Description
You will design and implement AI solutions to improve system reliability, automate incident management, and drive root cause analysis.
Responsibilities
- Design and deploy AI/ML models for anomaly detection, incident prediction, and root cause analysis.
- Build integrations between AI solutions and monitoring tools for metrics, logs, and traces across infrastructure, application, security, and network domains.
- Develop and maintain AI pipelines, including data preprocessing, feature extraction, model training, and evaluation.
- Collaborate with Incident and Problem Management teams to reduce MTTR and incident volume.
- Create technical documentation, including system architecture, data flow diagrams, and testing plans.
Required Skills
- 10+ years of experience in software development or related technical roles.
- Hands-on experience with AIOps and MLOps.
- Experience designing and implementing AI models using GPT, VAE, and GANs.
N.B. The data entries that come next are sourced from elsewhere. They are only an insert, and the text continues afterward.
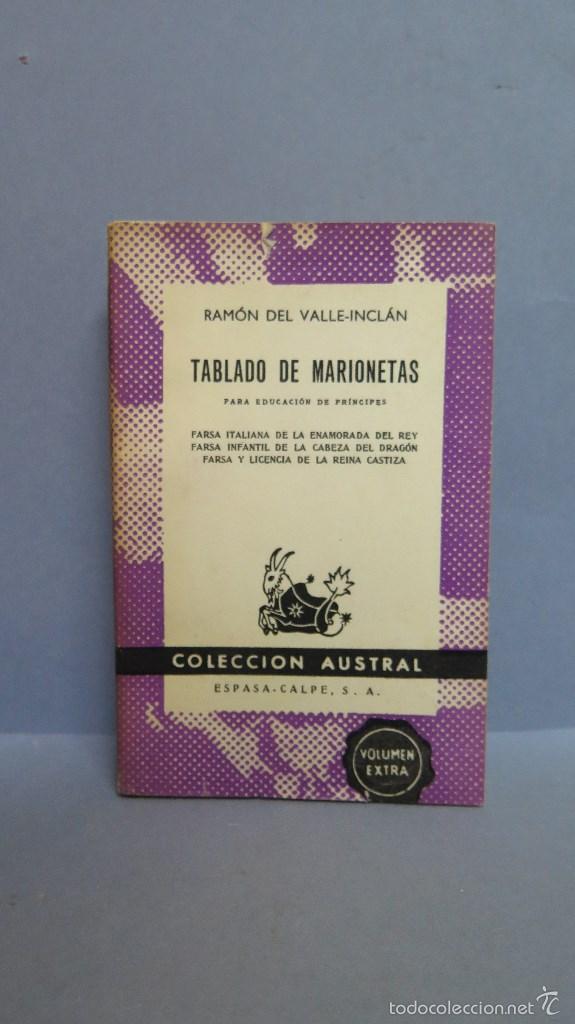 Libros: 1961.- TABLADO DE MARIONETAS. VALLE INCLAN. AUSTRAL - Foto 1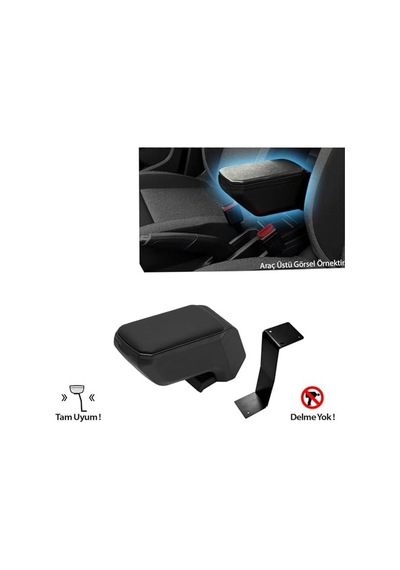Cross Auto Accessorıes Dacia Duster 2009-2018 İle Uyumlu Çelik Ayaklı Kolçak, Kol Dayama - A+ Kalite Abs Malzeme Si
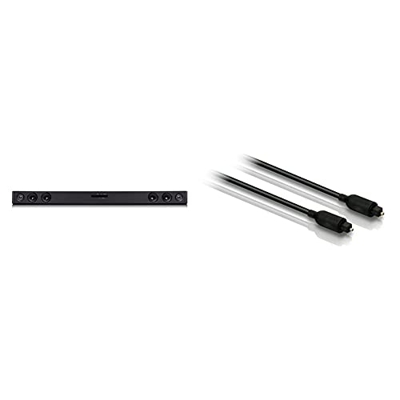 LG SJ3 Barra de Sonido inalámbrica 2.1 (Potencia Total 300 W, Subwoofer inalámbrico 200 W, Dolby Digital + Philips SWA2302W/10 Cable de Fibra óptica 1
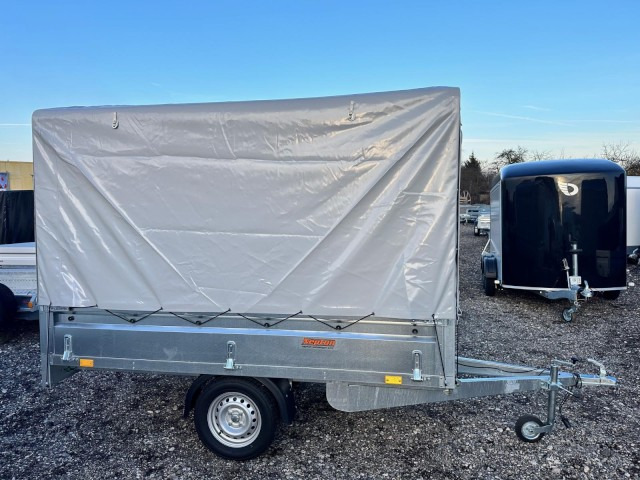 Neptun GN124, N7-263 KPS, 750 kg 2630 x 1450 x 400 mm, mit Hochplane 160 cm - Automobilinė priekaba: foto 3 Neptun GN124, N7-263 KPS, 750 kg 2630 x 1450 x 400 mm, mit Hochplane 160 cm - Automobilinė priekaba: foto 3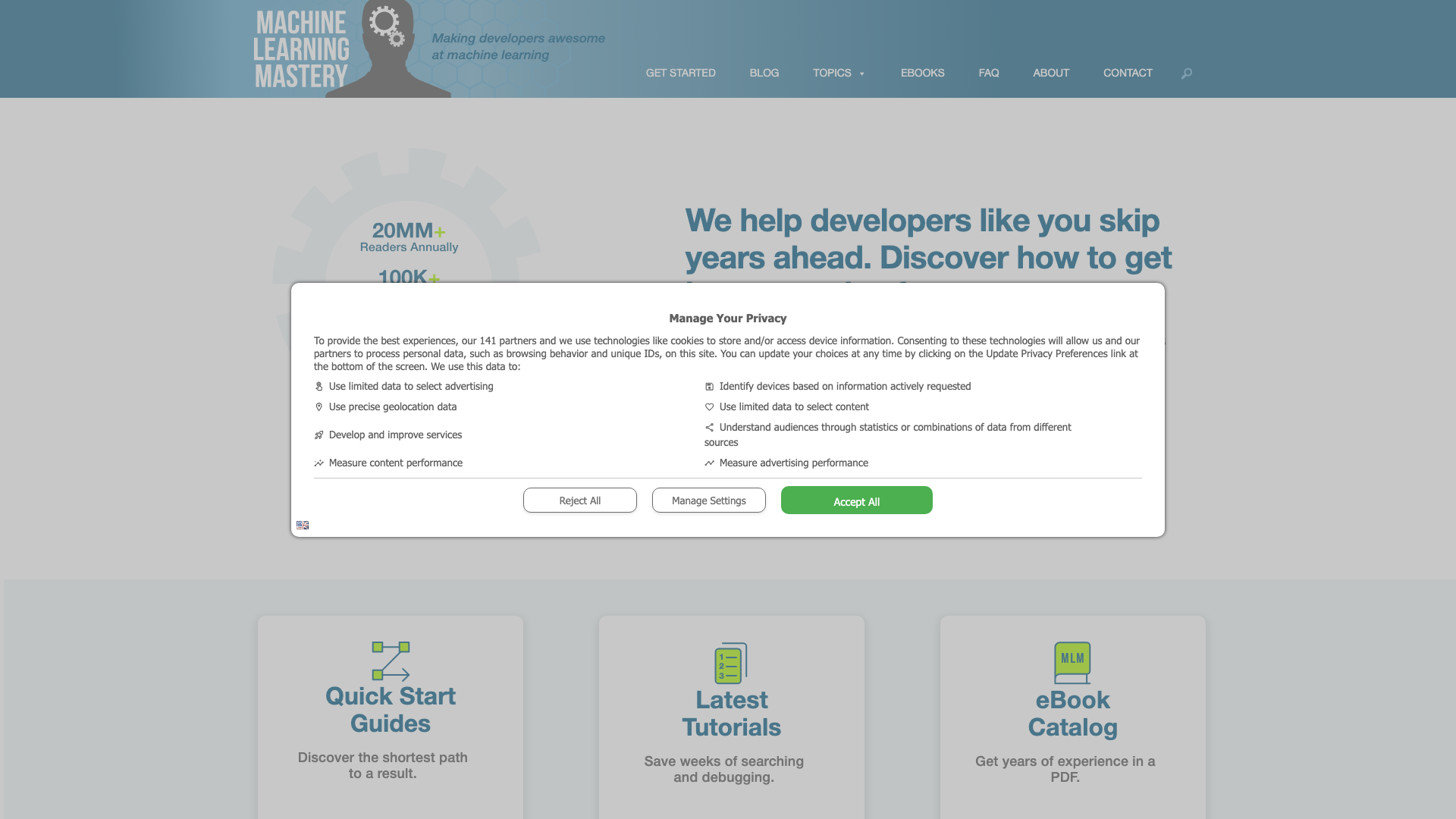 MachineLearningMastery product screenshot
- Proficiency in integrating with monitoring tools such as AppDynamics, New Relic, Splunk, Azure Log Analytics, SCOM, ServiceNow, and RunDeck.
- Ability to design scalable system architectures and data flows for AI integration.
- Experience managing observability platforms to gain real-time visibility into system health.
- Strong background in data cleaning and preparation for model training.
Preferred Skills
- Bachelor's or Master's degree in Computer Science, Computer Engineering, or a related field.